### DATA LISTING
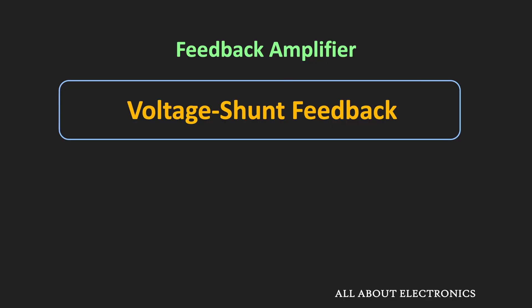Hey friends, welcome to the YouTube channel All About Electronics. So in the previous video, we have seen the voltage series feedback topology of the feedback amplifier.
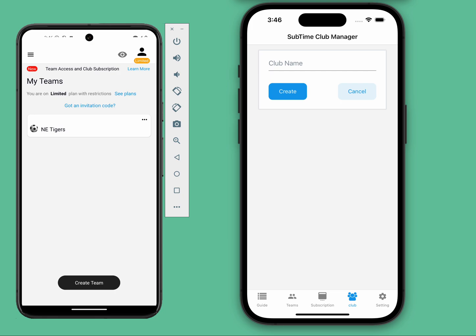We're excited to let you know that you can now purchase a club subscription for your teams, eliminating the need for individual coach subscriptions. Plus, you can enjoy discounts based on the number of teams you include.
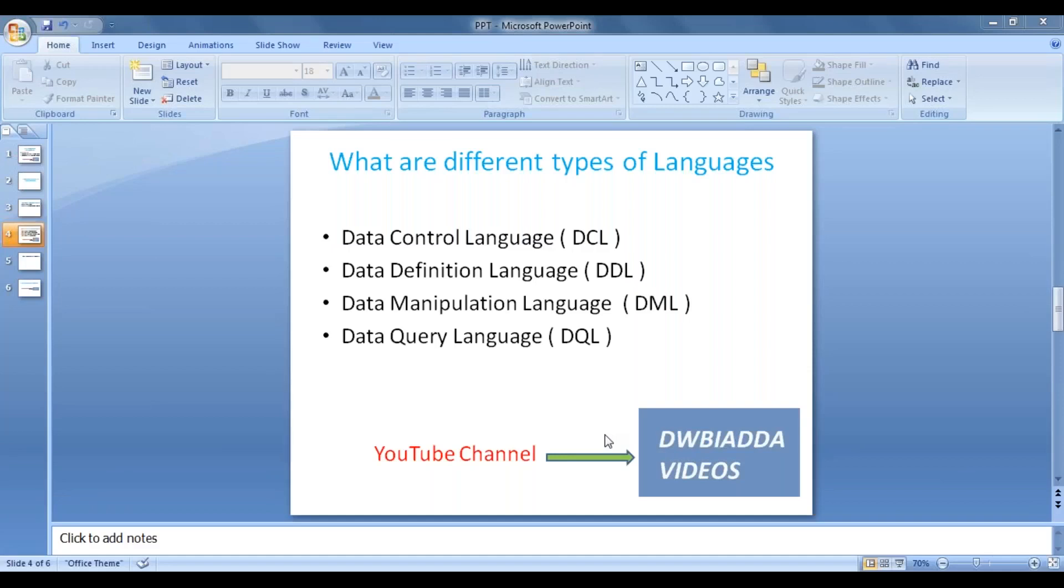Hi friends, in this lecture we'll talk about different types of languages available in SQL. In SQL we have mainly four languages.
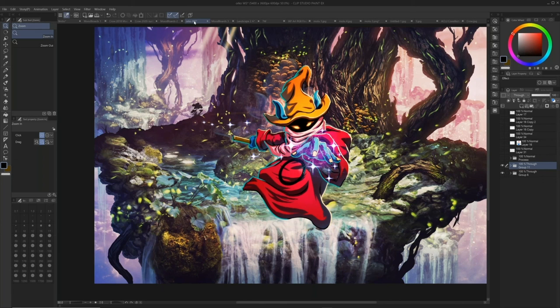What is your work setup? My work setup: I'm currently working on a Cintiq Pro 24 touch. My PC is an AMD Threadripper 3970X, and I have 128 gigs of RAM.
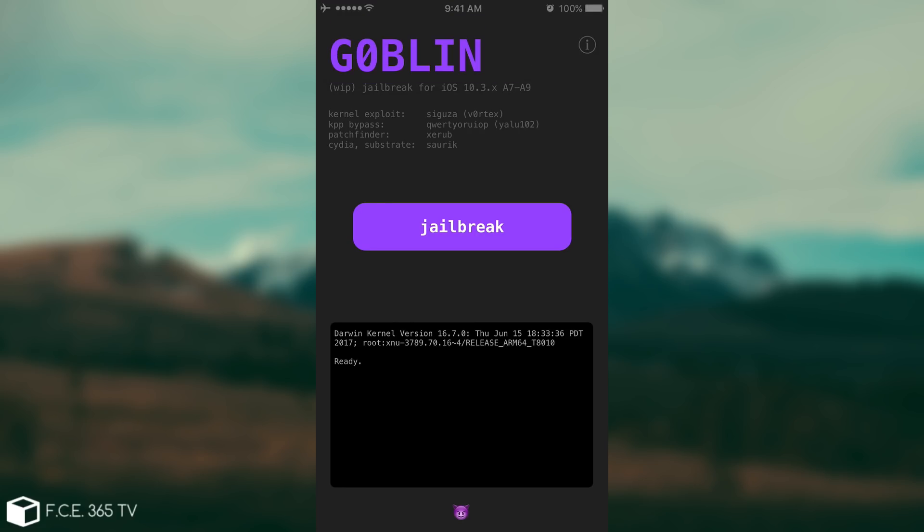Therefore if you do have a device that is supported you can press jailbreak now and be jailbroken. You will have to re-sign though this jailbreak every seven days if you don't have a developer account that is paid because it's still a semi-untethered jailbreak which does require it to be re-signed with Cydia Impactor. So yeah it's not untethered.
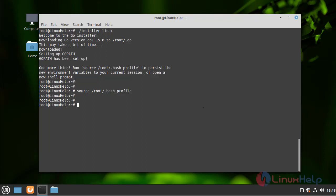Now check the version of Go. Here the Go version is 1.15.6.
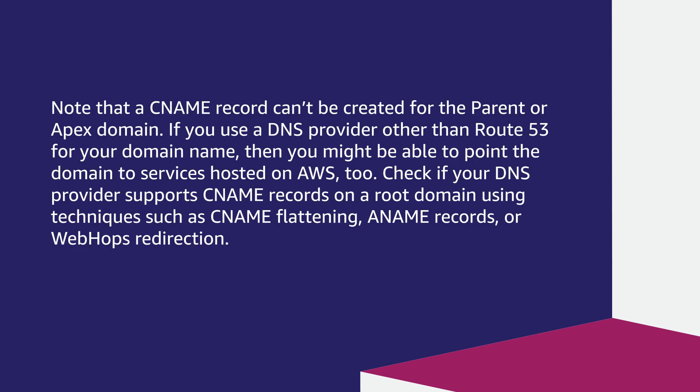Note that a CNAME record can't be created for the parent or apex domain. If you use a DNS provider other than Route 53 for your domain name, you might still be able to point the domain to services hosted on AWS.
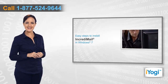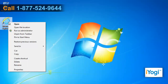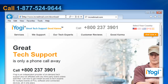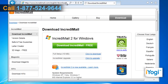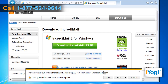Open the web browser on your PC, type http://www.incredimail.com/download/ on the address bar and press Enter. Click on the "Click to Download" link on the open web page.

### REQUIREMENT
Without including any picture, reproduce the material above word for word.

### RESPONSE TO THE EXERCISE
Hey friends, welcome to the YouTube channel All About Electronics. So in the previous video, we have seen the voltage series feedback topology of the feedback amplifier.
We're excited to let you know that you can now purchase a club subscription for your teams, eliminating the need for individual coach subscriptions. Plus, you can enjoy discounts based on the number of teams you include.
Hi friends, in this lecture we'll talk about different types of languages available in SQL. In SQL we have mainly four languages.
What is your work setup? My work setup: I'm currently working on a Cintiq Pro 24 touch. My PC is an AMD Threadripper 3970X, and I have 128 gigs of RAM.
Therefore if you do have a device that is supported you can press jailbreak now and be jailbroken. You will have to re-sign though this jailbreak every seven days if you don't have a developer account that is paid because it's still a semi-untethered jailbreak which does require it to be re-signed with Cydia Impactor. So yeah it's not untethered.
Now check the version of Go. Here the Go version is 1.15.6.
Note that a CNAME record can't be created for the parent or apex domain. If you use a DNS provider other than Route 53 for your domain name, you might still be able to point the domain to services hosted on AWS.
Open the web browser on your PC, type http://www.incredimail.com/download/ on the address bar and press Enter. Click on the "Click to Download" link on the open web page.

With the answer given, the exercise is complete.